Their presence was not always well received: last week, a parks officer was stabbed in an altercation with a man who illegally cut plants without wearing a mask. The officer recovers after the surgery; her attacker was arrested and charged with attempted murder.

Singapore officials said the purpose of using Spot was to “reduce the manpower required for park patrols and minimize physical contact between staff, volunteer ambassadors and park visitors. “.

Spot the robot in Singapore

Spot the walks in Bishan-Ang Mo Kio Park in Singapore this month.

(Roslan Rahman / AFP / Getty Images)

Painted in Safety Yellow – the color of construction vehicles – the robot is accompanied by a parks officer at the 150-acre Bishan-Ang Mo Kio Park. Her recorded message reminds people to maintain social distancing.

Cameras installed on his body will help estimate the number of visitors to the park, but officials said they could not recognize individuals and would not collect any personal data.

If the trial is successful, officials said they would consider deploying Spot for longer hours and in other parks. A second Spot robot has also been in use since last month to deliver drugs to an isolation facility housing thousands of COVID-19 patients.

Spot was greeted with a mixture of wonder and concern. One video showed a real dog watching Spot with apparent confusion.

Critics outside of Singapore described it as “scary” and “scary”. A tweeted: “I can’t wait to be tasered for non-compliance.”

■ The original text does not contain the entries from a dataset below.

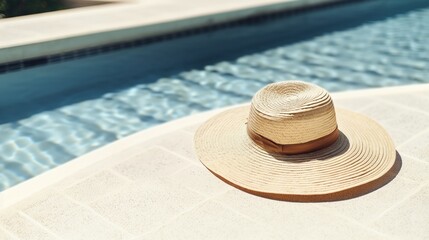 Fototapeta na wymiar Straw Hat near Swimming Pool - Generative ai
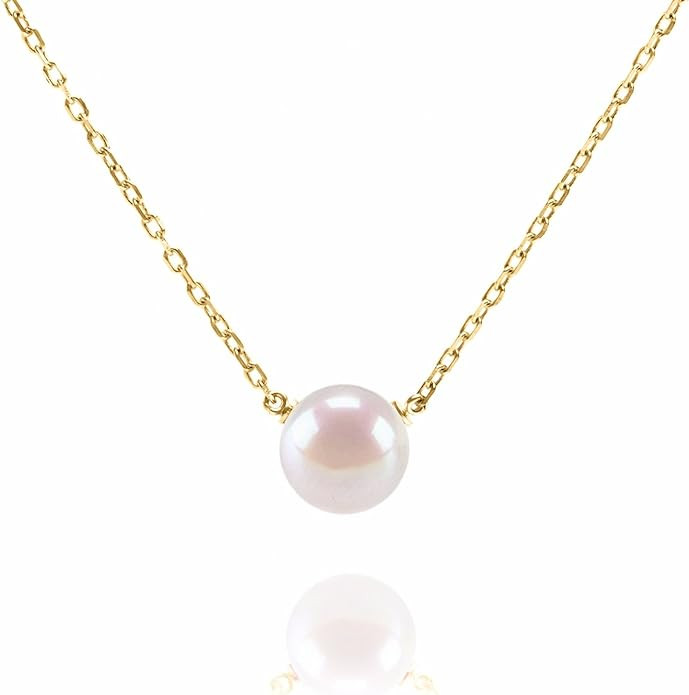 PAVOI Handpicked AAA+ Freshwater Cultured Single Pearl Necklace Pendant | Gold Necklaces for Wome... | Amazon (US)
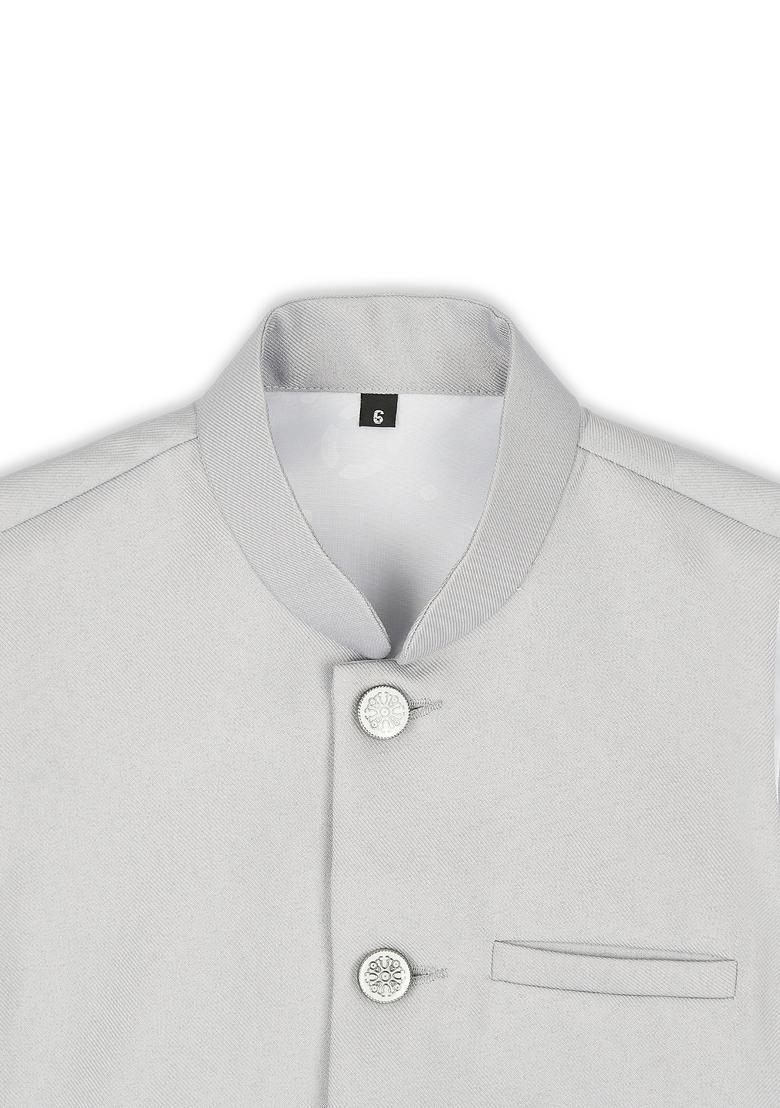 Grey Solid Poly Cotton Nehru Jacket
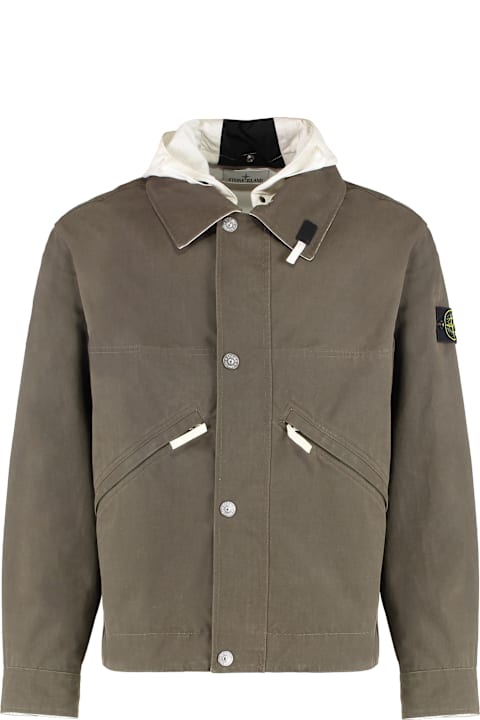 Coats & Jackets for Men Stone Island Hooded Cotton Jacket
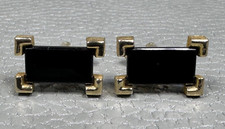Vintage Rectangular Onyx Yellow Gold Plated Cuff Links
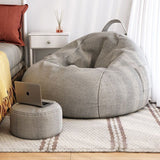Modern Minimalist Round Cotton-Linen EPS Sofa Backrest & Footrest for Living Room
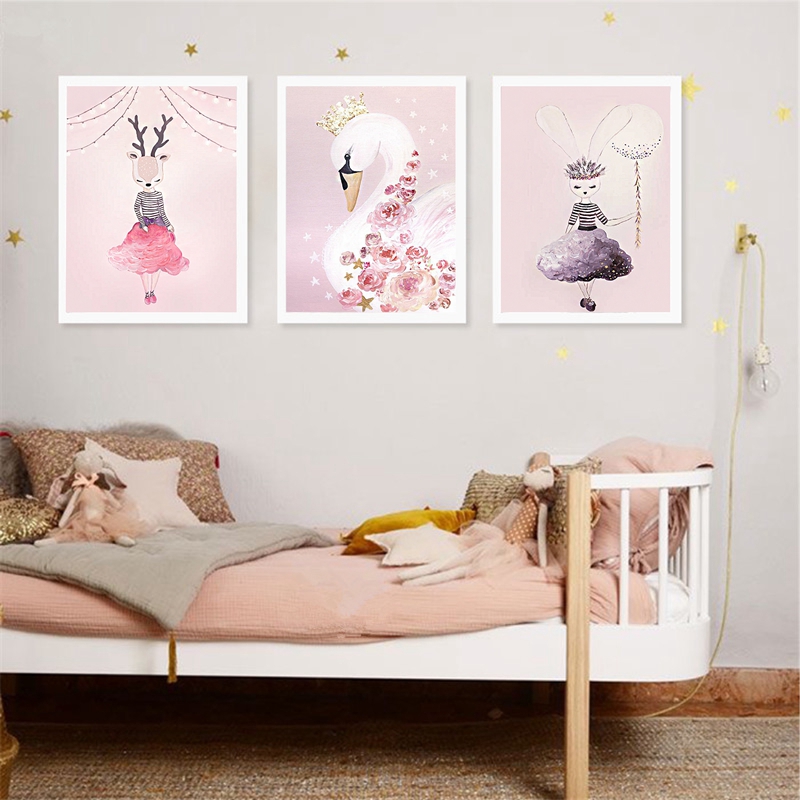 Watercolor Pink Unicorn Deer Rabbit Swan Canvas Art Prints Girls Room Nordic Cartoon Animals Painting Wall Pictures - 2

But Spot isn’t driven by artificial intelligence – most of its movement is controlled by remote control, and it’s designed to avoid anything in its way higher than a foot. The approximately 130 robots in use around the world – leased to customers for several thousand dollars a month – come with agreements that they are not used to harm or intimidate, according to Boston Dynamics, which is owned by Japanese conglomerate SoftBank.

Singapore is a fertile testing ground: its ruling party, in power for more than half a century, enjoys great public confidence, encourages technological innovation and muzzles dissent. The government has developed an app to track people who have been in contact with patients with COVID-19 and is considering making its use mandatory, dismissing concerns about official surveillance.

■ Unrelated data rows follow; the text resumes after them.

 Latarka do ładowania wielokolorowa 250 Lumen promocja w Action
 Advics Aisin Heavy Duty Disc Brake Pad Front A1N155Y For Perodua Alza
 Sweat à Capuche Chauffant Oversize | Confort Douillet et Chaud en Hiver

“I think the balance between social interests and civil rights is shifted in an emergency to favor technologies that can help deal with the emergency,” said Kristen thomasen, an expert in robotics law and policy at the University of Windsor in Ontario, Canada. “When that happens, however, one of the most crucial things to look for is a clear indication from the government and the imposition of limits on the use of technology.”

Engineers in Singapore are already designing algorithms that could make Spot more sophisticated, De Cremer said. One idea is to record the distances between park visitors and the duration of their interactions to determine if people are together in a group or if strangers pass on the grass.

It could help build social distancing, but over time it could also teach a robot to read some physical aspects of human relationships.

This is just one of the ways the pandemic will serve as a laboratory for the near future of machines, De Cremer said.

“These trends will accelerate,” he said. “And decisions about the limits and limits of robotics and AI are going to depend on a company’s values.”